Return the data below in full, exactly as it stands.

(Web page caption snippets)
- - - - -

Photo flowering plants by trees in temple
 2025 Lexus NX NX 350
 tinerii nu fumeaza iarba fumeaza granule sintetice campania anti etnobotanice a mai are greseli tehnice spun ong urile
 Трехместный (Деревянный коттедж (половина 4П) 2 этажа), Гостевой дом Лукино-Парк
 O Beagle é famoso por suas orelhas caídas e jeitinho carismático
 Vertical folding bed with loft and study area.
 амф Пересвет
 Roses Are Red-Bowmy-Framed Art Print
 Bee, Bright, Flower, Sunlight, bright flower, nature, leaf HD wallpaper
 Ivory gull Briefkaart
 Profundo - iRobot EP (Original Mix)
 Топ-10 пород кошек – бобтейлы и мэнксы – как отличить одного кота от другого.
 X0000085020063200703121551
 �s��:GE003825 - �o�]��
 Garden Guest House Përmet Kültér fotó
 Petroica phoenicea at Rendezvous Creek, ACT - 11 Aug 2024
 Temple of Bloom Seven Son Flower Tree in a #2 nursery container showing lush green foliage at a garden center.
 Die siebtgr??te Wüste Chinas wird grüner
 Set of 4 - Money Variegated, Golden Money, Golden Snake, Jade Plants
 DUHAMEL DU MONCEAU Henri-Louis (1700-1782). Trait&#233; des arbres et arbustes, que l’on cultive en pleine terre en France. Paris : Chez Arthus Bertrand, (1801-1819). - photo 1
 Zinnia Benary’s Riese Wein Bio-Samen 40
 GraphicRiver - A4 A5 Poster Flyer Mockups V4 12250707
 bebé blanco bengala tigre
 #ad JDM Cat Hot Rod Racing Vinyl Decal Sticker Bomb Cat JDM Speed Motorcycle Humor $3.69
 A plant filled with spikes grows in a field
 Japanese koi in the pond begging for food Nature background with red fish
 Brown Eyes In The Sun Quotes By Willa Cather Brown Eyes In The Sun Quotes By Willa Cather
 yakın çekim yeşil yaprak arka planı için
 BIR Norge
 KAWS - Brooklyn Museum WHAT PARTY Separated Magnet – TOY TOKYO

- - - - -

- _Expected output_:
Photo flowering plants by trees in temple
 2025 Lexus NX NX 350
 tinerii nu fumeaza iarba fumeaza granule sintetice campania anti etnobotanice a mai are greseli tehnice spun ong urile
 Трехместный (Деревянный коттедж (половина 4П) 2 этажа), Гостевой дом Лукино-Парк
 O Beagle é famoso por suas orelhas caídas e jeitinho carismático
 Vertical folding bed with loft and study area.
 амф Пересвет
 Roses Are Red-Bowmy-Framed Art Print
 Bee, Bright, Flower, Sunlight, bright flower, nature, leaf HD wallpaper
 Ivory gull Briefkaart
 Profundo - iRobot EP (Original Mix)
 Топ-10 пород кошек – бобтейлы и мэнксы – как отличить одного кота от другого.
 X0000085020063200703121551
 �s��:GE003825 - �o�]��
 Garden Guest House Përmet Kültér fotó
 Petroica phoenicea at Rendezvous Creek, ACT - 11 Aug 2024
 Temple of Bloom Seven Son Flower Tree in a #2 nursery container showing lush green foliage at a garden center.
 Die siebtgr??te Wüste Chinas wird grüner
 Set of 4 - Money Variegated, Golden Money, Golden Snake, Jade Plants
 DUHAMEL DU MONCEAU Henri-Louis (1700-1782). Trait&#233; des arbres et arbustes, que l’on cultive en pleine terre en France. Paris : Chez Arthus Bertrand, (1801-1819). - photo 1
 Zinnia Benary’s Riese Wein Bio-Samen 40
 GraphicRiver - A4 A5 Poster Flyer Mockups V4 12250707
 bebé blanco bengala tigre
 #ad JDM Cat Hot Rod Racing Vinyl Decal Sticker Bomb Cat JDM Speed Motorcycle Humor $3.69
 A plant filled with spikes grows in a field
 Japanese koi in the pond begging for food Nature background with red fish
 Brown Eyes In The Sun Quotes By Willa Cather Brown Eyes In The Sun Quotes By Willa Cather
 yakın çekim yeşil yaprak arka planı için
 BIR Norge
 KAWS - Brooklyn Museum WHAT PARTY Separated Magnet – TOY TOKYO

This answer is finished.